Mature OECD economies could see even greater social benefits from digitalization than the global average. For example, the higher costs in sectors such as healthcare could result in greater savings and productivity improvements. In the UK, improved safety mechanisms in vehicles could reduce road fatalities by 9% a year, while advanced driver assistance systems could save consumers $25 billion in insurance and accident-related costs. Progress would depend on mandated supply of such systems in cars and in automotive services. More broadly, further incentives and policy changes could allow digitalization to deliver $9 trillion in economic benefits globally by addressing the United Nations Sustainable Development Goals to combat poverty, inequality and climate change.

The societal value framework includes a staged approach to help companies identify the initiatives that allow them to deliver greatest value to society while achieving long-term commercial benefits. This comprises steps to identify the social trends of greatest relevance to companies, track the potential value at enterprise level and execute strategies to achieve them.

“To unlock the digital revolution’s full value to society, governments, businesses need to shape strategies that measure the value of innovation and investment,” said Mark Knickrehm, Group Chief Executive, Accenture Strategy. “More than just paying lip-service to shared value, this means leaders applying hard-nosed economic tools to fully understand the costs and benefits of digital transformation for business and society, while committing to enhance the role of people at work.”

The World Economic Forum DTI reports recommend a range of actions, including rapid reskilling and greater alignment of education with the new demands of fast-changing markets.
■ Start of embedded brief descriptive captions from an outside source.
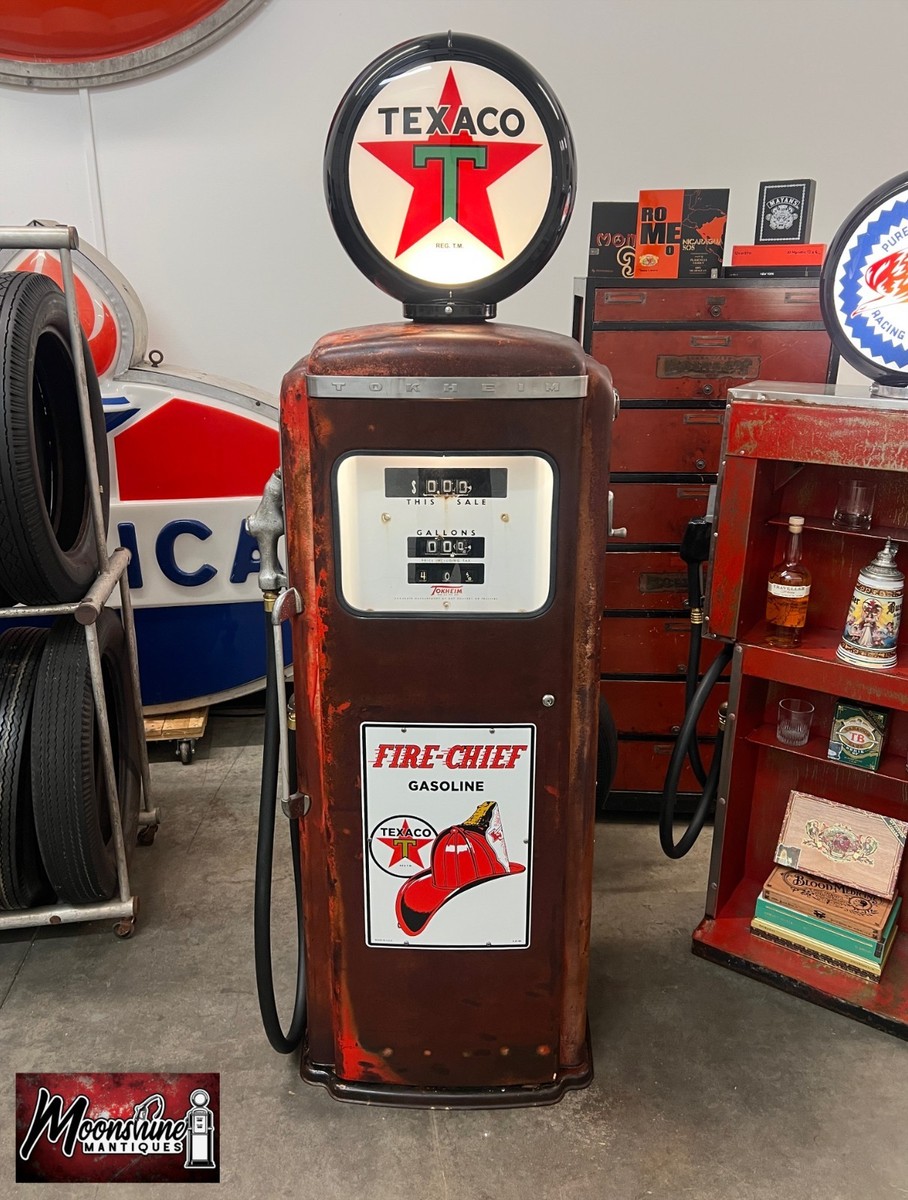 Rustoration 1950's TEXACO Fire Chief Tokheim 300 Gas Pump - Gas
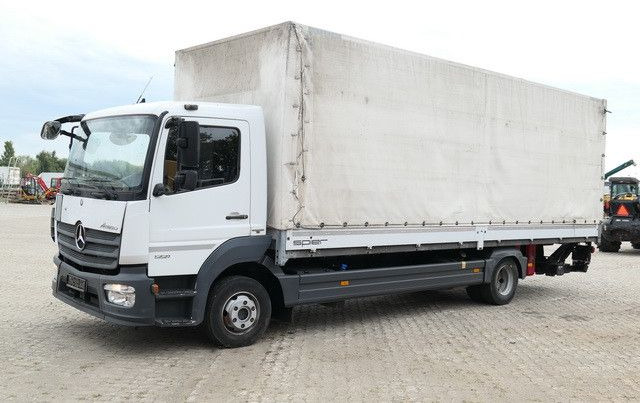 Mercedes-Benz 1221 Atego 4x2, 7.200mm lang, LBW 1,5to., Euro 6 - Camion à rideaux coulissants: photos 3 Mercedes-Benz 1221 Atego 4x2, 7.200mm lang, LBW 1,5to., Euro 6 - Camion à rideaux coulissants: photos 3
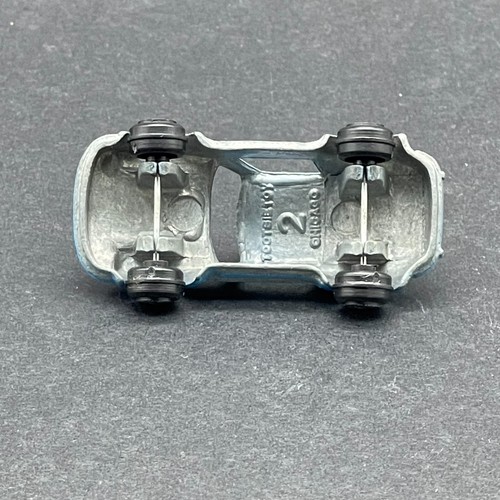 Tootsie Toy 2 Chicago USA Porsche Car Vehicle Blue Diecast 1/87 Scale Loose - Picture 8 of 8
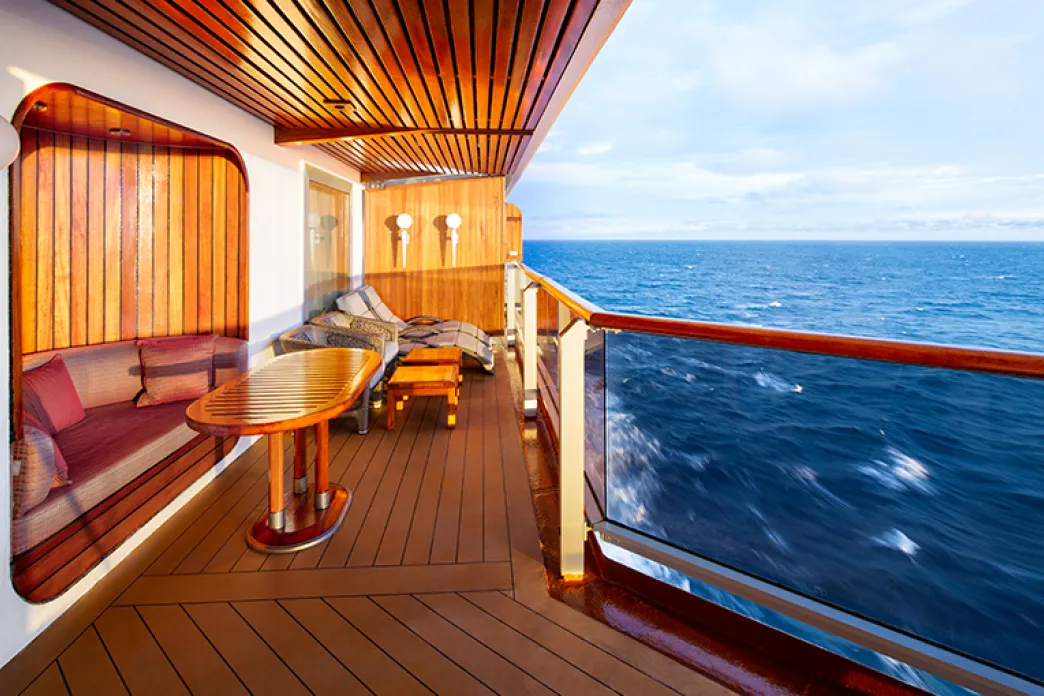Holland America Line Oosterdam - Pinnacle Suite deck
Other action areas include public-sector investment, tax incentives, simplified regulation and measures to improve transparency in the use of data so as to encourage wider adoption of new technologies.

The reports note that while new technologies have the potential to increase economic growth, reduce inequality and promote inclusivity, they could be jeopardized by retreat of globalization, the rise of political populism and social instability. Concluding that business and political leaders are at a crossroads, the reports call for responsive and responsible leadership to proactively counter forces that would constrain innovation, trade and growth.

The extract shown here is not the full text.